::: Record excerpts

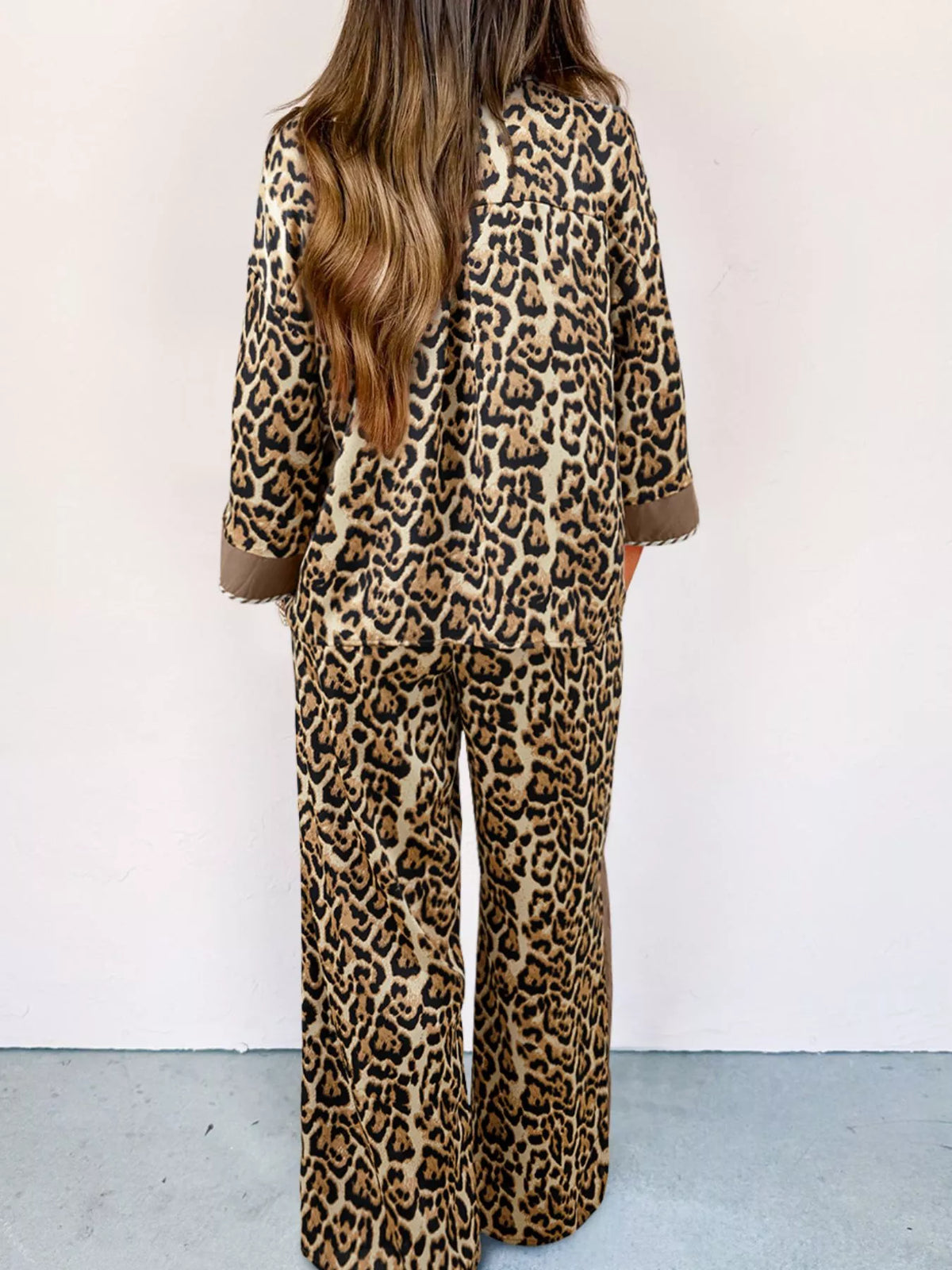 Chic leopard print two-piece set with buttoned shirt and wide-leg pants.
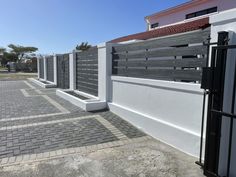 a black and white fence next to a building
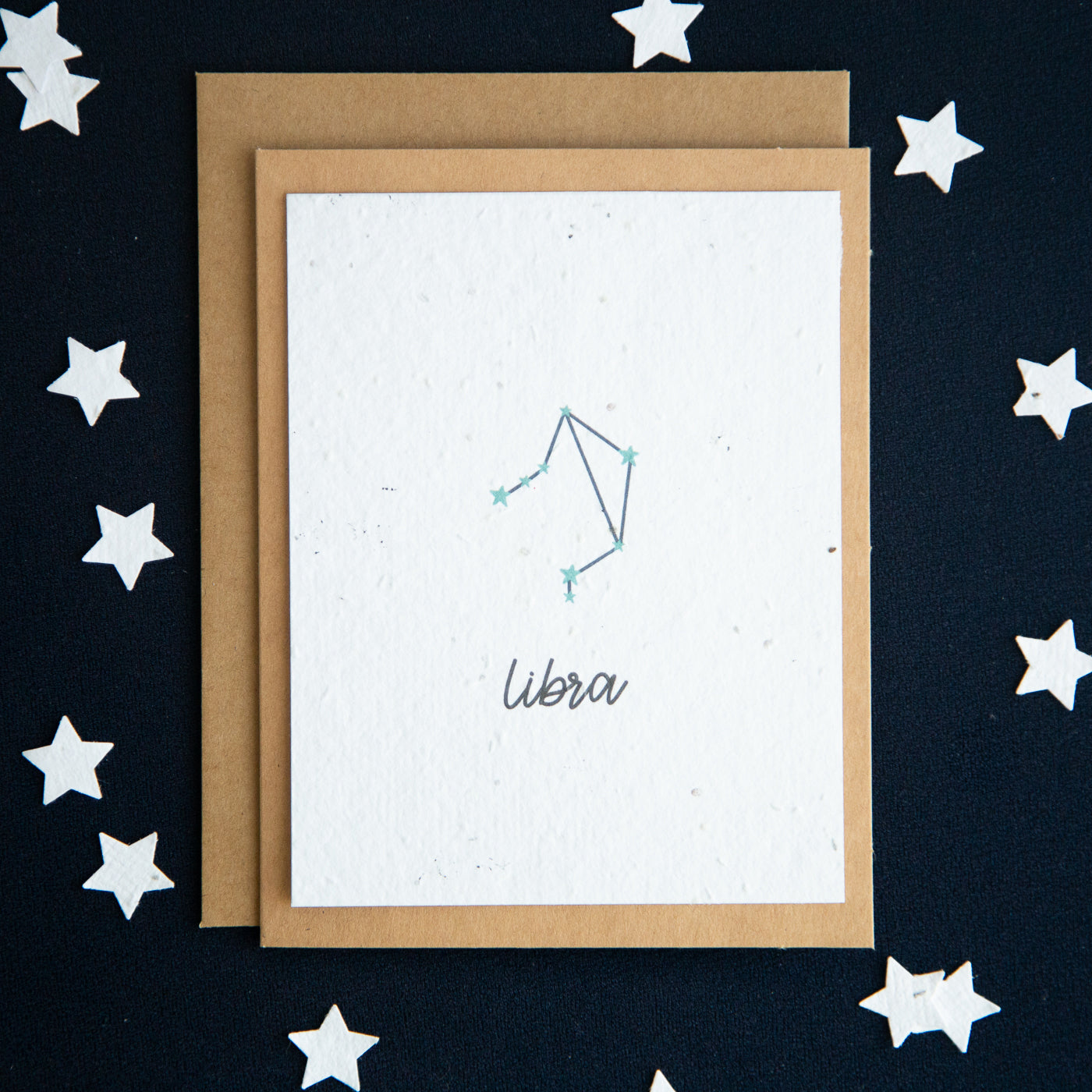 A greeting card with the Libra constellation and word “Libra” printed on plantable seed paper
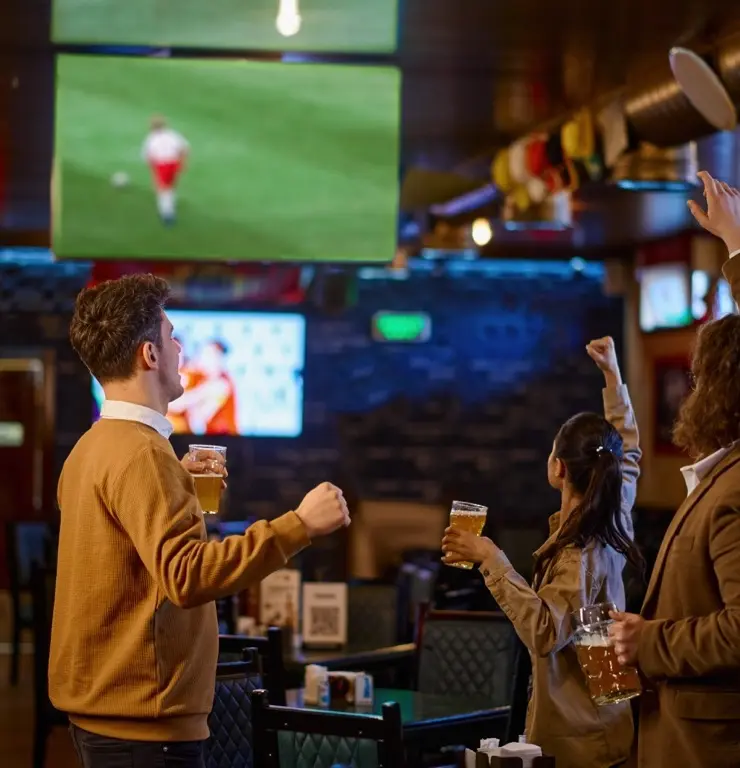 A group of friends enjoying a meal at Game Day Grill.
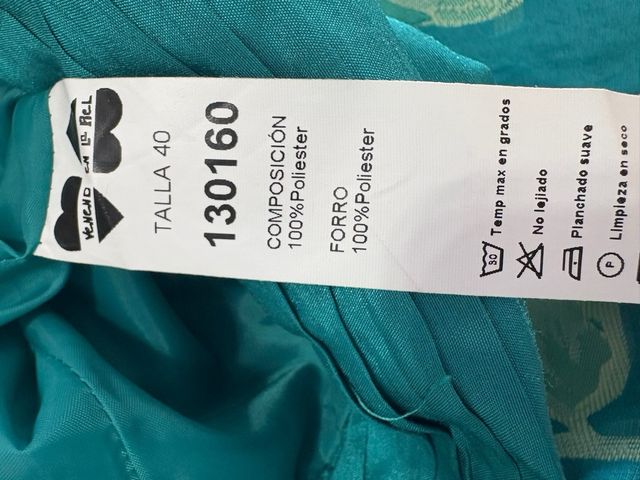 Vestido palabra de honor con torera verde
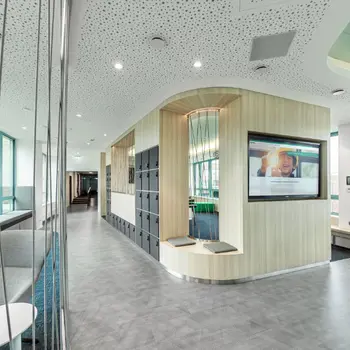 Aufenthaltsraum mit Bildschirm, Schließfächern und Sitzgelegenheiten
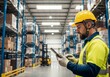 © tebu - Warehouse worker in safety gear uses tablet amidst shelved boxes and a forklift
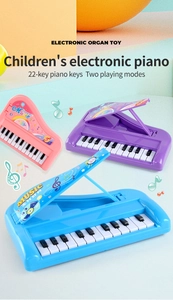 Close-up of colorful 22-key kids electronic pianos with dual play modes and flip cover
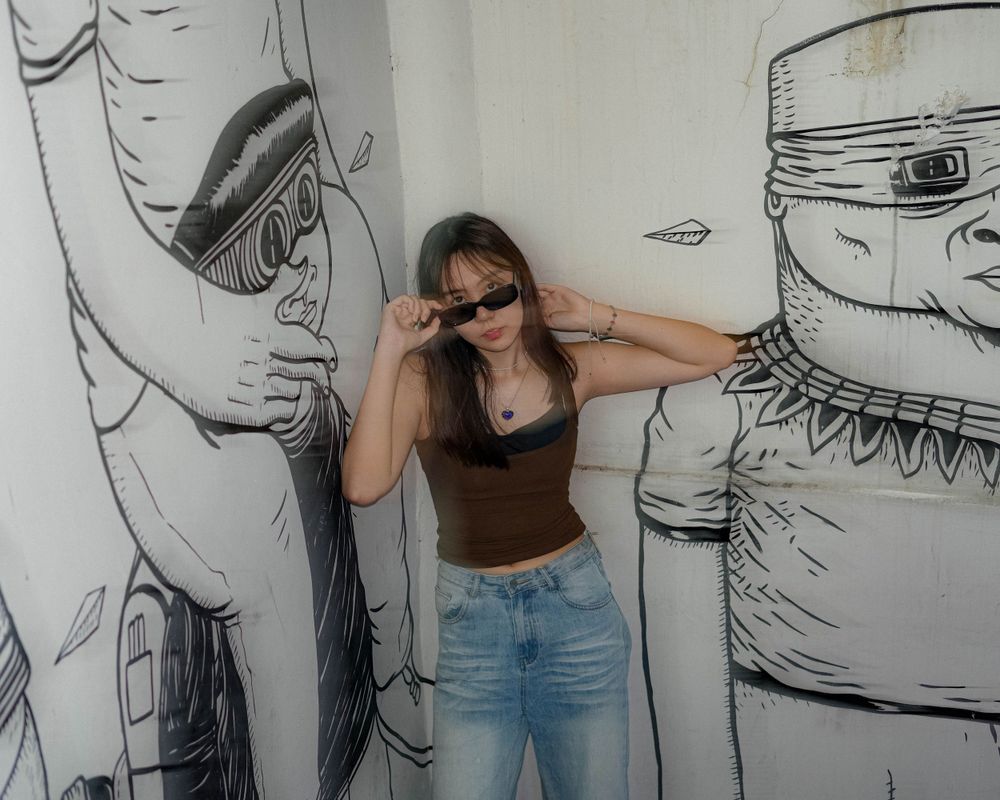 A person in sunglasses poses against a wall with large artistic black and white character drawings.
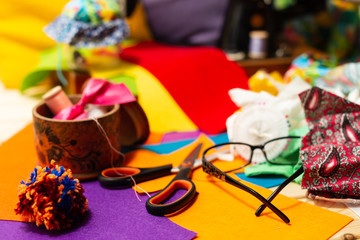 Sewing on a sewing machine design. Making objects with your own hands. Multicolored threads and fabrics. Hobby. Retro.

::::::

● **What to work on**: Would you repeat the complete listing exactly, excluding each picture it holds?

● **Result of this task**:
 Chic leopard print two-piece set with buttoned shirt and wide-leg pants.
 a black and white fence next to a building
 A greeting card with the Libra constellation and word “Libra” printed on plantable seed paper
 A group of friends enjoying a meal at Game Day Grill.
 Vestido palabra de honor con torera verde
 Aufenthaltsraum mit Bildschirm, Schließfächern und Sitzgelegenheiten
 © tebu - Warehouse worker in safety gear uses tablet amidst shelved boxes and a forklift
 Close-up of colorful 22-key kids electronic pianos with dual play modes and flip cover
 A person in sunglasses poses against a wall with large artistic black and white character drawings.
 Sewing on a sewing machine design. Making objects with your own hands. Multicolored threads and fabrics. Hobby. Retro.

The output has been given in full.